You Can Sleep Here All Night: Video Games and Labor

Talent Burnout

They’ll work new employees until they burn out and then replace them with another fresh face who’s eager to prove themselves in the industry – working harder for less money.[…] The developers that work their way up at these studios are either the most determined or the most stubborn – but not necessarily the most creative or the most fulfilled

Is The Game Industry A Happy Place?

Gender (wage) gap

Survey by Game Developer Magazine 2013

Cyclical Layoffs
“Layoffs are more than just losing a job; they’re gaining a mountain of uncertainty, stress and financial concerns. I have moved my family more than seven times over the last 16 years, across the country and up and down the west coast. I’m a pro at living with very few material possessions, as I grew tired of lugging them around. As you can imagine all those moves put an enormous stress on relationships, both personal and professional. Your circle of immediate friends shrinks to zero with every move.”

In big budget game development publishers set hard release dates for a game (e.g. Christmas), the studio hires as many developers possible and it may find itself bigger than it can afford to be.
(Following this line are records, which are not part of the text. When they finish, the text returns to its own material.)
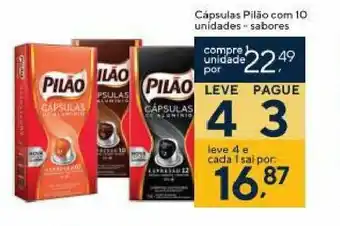 Capsulas Pilao com 10 unidades sabores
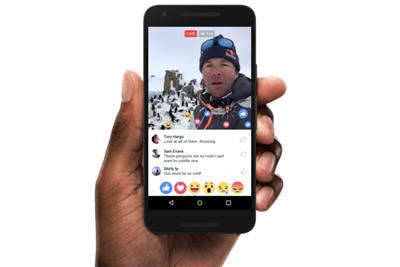 Facebook ramps up live video, M&S clothing sales decline again...and more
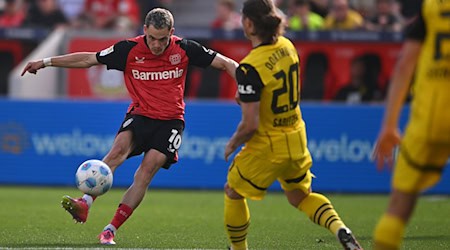 Florian Wirtz soll zum FC Bayern wechseln wollen. Funkt jetzt Pep Guardiola dazwischen? / Foto: Marius Becker/dpa
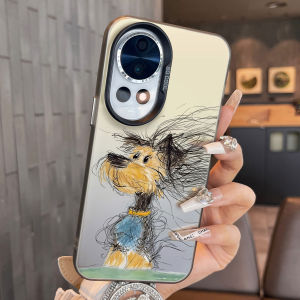 เคสโทรศัพท์ Huawei Nova14pro แบบครอบเต็ม ป้องกันการตกหล่น ดีไซน์สัตว์ สไตล์เรียบง่าย สำหรับผู้ชายและผู้หญิง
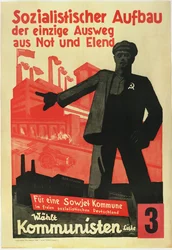 Construcción socialista, la única salida de la pobreza y las dificultades. ¡Por una comuna soviética en una Alemania socialista libre!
At the end of a successful project developers may get laid off because they are not needed for the pre-production of the next title.

Why Game Developers Keep Getting Laid Off (talks about good practices too)
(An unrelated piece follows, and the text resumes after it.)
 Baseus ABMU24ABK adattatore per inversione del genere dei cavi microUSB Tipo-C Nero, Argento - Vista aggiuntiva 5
INDIE IS MORE THAN “SMALL BUDGET”


The indie games movement emerged as a response to all these issues. Indie came to signify:

  • Self-directed creative work: experimental, personal, risky…
  • New distribution channels (in part provided by major players): Steam, app store, itch.io, festivals/party/new arcade
  • New funding models: Indie Fund, humble bundle, Kickstarter, Patreon
  • New game criticism/journalism: expanding the notion of pleasure, complicating the notion of quality, reaching new types of players.
  • Community support: belonging to a scene of practitioners, collaborating rather than competing.
  • Different development cycles: prototype often > release early > polish and commercialize only if it works
  • Soft deadlines
  • Creating a more inclusive community in term of gender, class, race and background (informal education, alternative conferences, advocacy)
  • Reframing game making as artistic and cultural practice, not necessarily an industrially organized job
Indie/AAA is not a binary category

However

Solo indie developers earned an average income of $11,812

57% percent of indie game developers made under $500 in game sales. On the other end of the spectrum, 2 percent made over $200,000 in game sales.
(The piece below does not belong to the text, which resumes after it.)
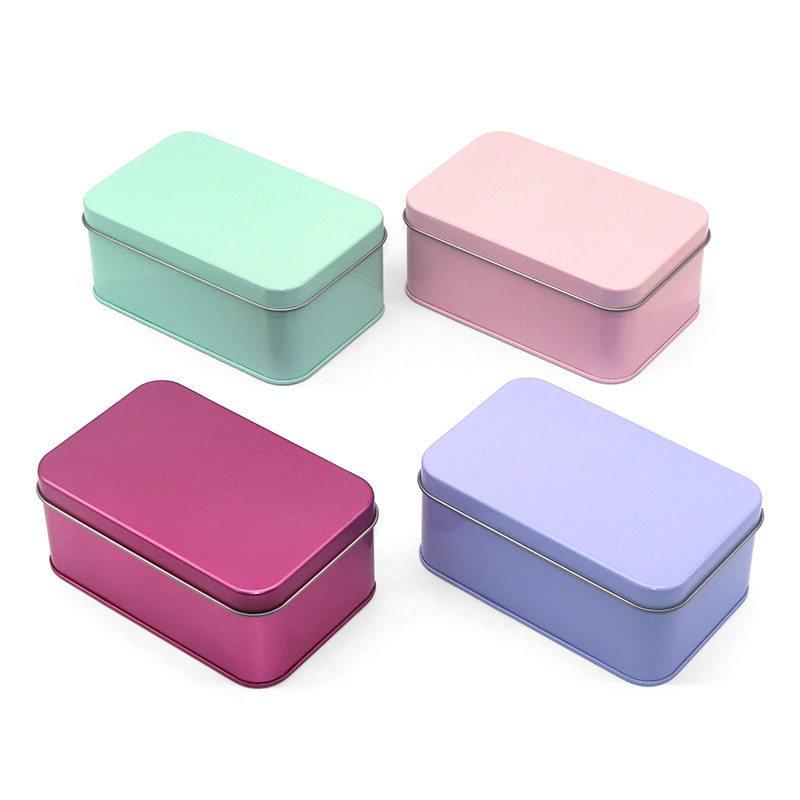 Custom Logo gift hinged tin box 1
6 key points from the 2014 Indie Salary Report

indiepocalipse
The opening of marketplaces like Steam to indie led people to believe that saturation will produce an “Indiepocalypse” pushing revenues down and forcing small developers to consolidate to compete – mirroring the evolution of the App store.
It’s an ongoing conversation.

Meanwhile, common wisdom if you want to be a professional indie:
– Don’t quit your day job or find a job that doesn’t suck the entirety of your time
– Don’t start a company if you don’t already have a product/prototype that was received well
– Don’t Kickstart a project unless you proved yourself “worth”
– Be part of a community, go to conferences, participate to game jams, hang out with other developers. See resources.
– Beware of the survivorship bias

Triple I and Alt games

Successful independent games like Minecraft and the willingness of publishers to invest in small studios (e.g. Playstation and Thatgamecompany) prompted a gold rush, a “get rich or die trying” mindset that came ad odds with the values of some members of the independent community.
The category of Altgames was created to shift the focus toward individual financial sustainability and inclusivity.

Assignment

Find the game developer/designer you want to be. Research her/his background and career. Read all the interviews, biographies, lectures and podcasts you can find. I don’t want to know what these people did but how these people established them in the game industry at large (indie or not). How did they get there? What were their breakthroughs or crucial experiences?

Use Google, filtered by date to find old news coverage.
MobyGames is a good resource for credits.